Fifty years ago, the province introduced new legislation that lowered the age of majority, letting 18-year-olds drink. But that change wouldn’t last the decade
Written by Jamie Bradburn
Photo from the September 16, 1971, edition of the Toronto Daily Star showing high-school students drinking at the Red Lion Inn, near Jarvis Collegiate. (ProQuest)

Lunchtime, downtown Toronto, early September 1971. With a new school year underway, senior students at Jarvis Collegiate had a new midday option: enjoying a legal drink at the Red Lion Inn pub. “I think this drinking at 18 is a pretty good thing,” Grade 13 student Dan Guay told the Toronto Star. “Kids our age can handle themselves. There are many people of 21 and more who aren’t mature enough to drink.”

Guay’s principal, E.A. McCann, agreed. “We’ve had no problems, not even of the slightest sort,” he told the Star. “We’ve got a pretty level-headed bunch of students. And I suspect that many of them living downtown as they do, are accustomed to it anyway — perhaps having a beer at home.”

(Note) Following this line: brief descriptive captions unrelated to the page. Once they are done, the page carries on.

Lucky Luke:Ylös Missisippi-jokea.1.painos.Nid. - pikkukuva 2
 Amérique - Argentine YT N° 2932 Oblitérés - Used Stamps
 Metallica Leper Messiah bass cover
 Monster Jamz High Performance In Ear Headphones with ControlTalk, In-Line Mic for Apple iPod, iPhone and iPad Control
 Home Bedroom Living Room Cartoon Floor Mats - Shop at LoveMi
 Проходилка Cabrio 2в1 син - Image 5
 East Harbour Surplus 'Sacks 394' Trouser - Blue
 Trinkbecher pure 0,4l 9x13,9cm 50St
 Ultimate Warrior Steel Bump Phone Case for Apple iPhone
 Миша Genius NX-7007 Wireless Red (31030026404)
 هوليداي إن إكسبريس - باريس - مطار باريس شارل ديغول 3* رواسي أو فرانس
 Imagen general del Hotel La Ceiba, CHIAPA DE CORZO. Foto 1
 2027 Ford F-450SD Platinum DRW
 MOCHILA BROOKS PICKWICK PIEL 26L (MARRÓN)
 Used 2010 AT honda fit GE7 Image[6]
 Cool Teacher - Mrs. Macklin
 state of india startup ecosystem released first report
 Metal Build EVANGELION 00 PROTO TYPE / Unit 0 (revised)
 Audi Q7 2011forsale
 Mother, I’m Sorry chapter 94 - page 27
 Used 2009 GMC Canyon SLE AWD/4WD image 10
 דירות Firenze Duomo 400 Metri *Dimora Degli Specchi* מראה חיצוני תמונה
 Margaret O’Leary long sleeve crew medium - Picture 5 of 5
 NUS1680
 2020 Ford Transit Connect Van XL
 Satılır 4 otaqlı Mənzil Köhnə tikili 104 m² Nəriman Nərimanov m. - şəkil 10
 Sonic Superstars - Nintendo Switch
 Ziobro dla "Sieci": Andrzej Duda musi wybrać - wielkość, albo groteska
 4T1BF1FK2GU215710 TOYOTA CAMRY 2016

McCann’s students were now able to enjoy a liquid lunch thanks to provincial legislation, enacted July 28, 1971, that reduced the drinking age from 21 to 18. It was part of a wave of new laws across North America that reflected the belief that 18- to-20-year-olds could handle the legal responsibilities of adulthood, such as drinking and voting. 

While Ontario was slightly behind other provinces in lowering the age of majority, the matter had been discussed for several years via provincial commissions and committees and was supported by most candidates during the Progressive Conservative leadership race in February 1971. The change followed a series of liquor-law reforms: as of June 1971, Ontarians could drink in a lounge without buying a meal (except on Sundays), drink in the public portions of apartment and seniors complexes, and buy 40-ounce bottles of booze. 

Age-of-majority legislation was introduced on July 12 during a lengthy summer session that saw Premier William Davis’s government pass a huge number of laws in advance of an expected fall election. In one 10-day stretch, 50 new bills were presented to the legislature. Within the PC caucus, some backbenchers feared that lowering the voting age would harm them by alienating older Ontarians and creating a new pool of 412,000 voters that they suspected would support the NDP. Others were fine with lowering the voting age, but, given the province’s eternal puritanism, less comfortable dropping the drinking age. At a meeting of the party caucus and supporters held at Talisman Resort, near Kimberley, on July 10, Davis reassured them that they had nothing to fear.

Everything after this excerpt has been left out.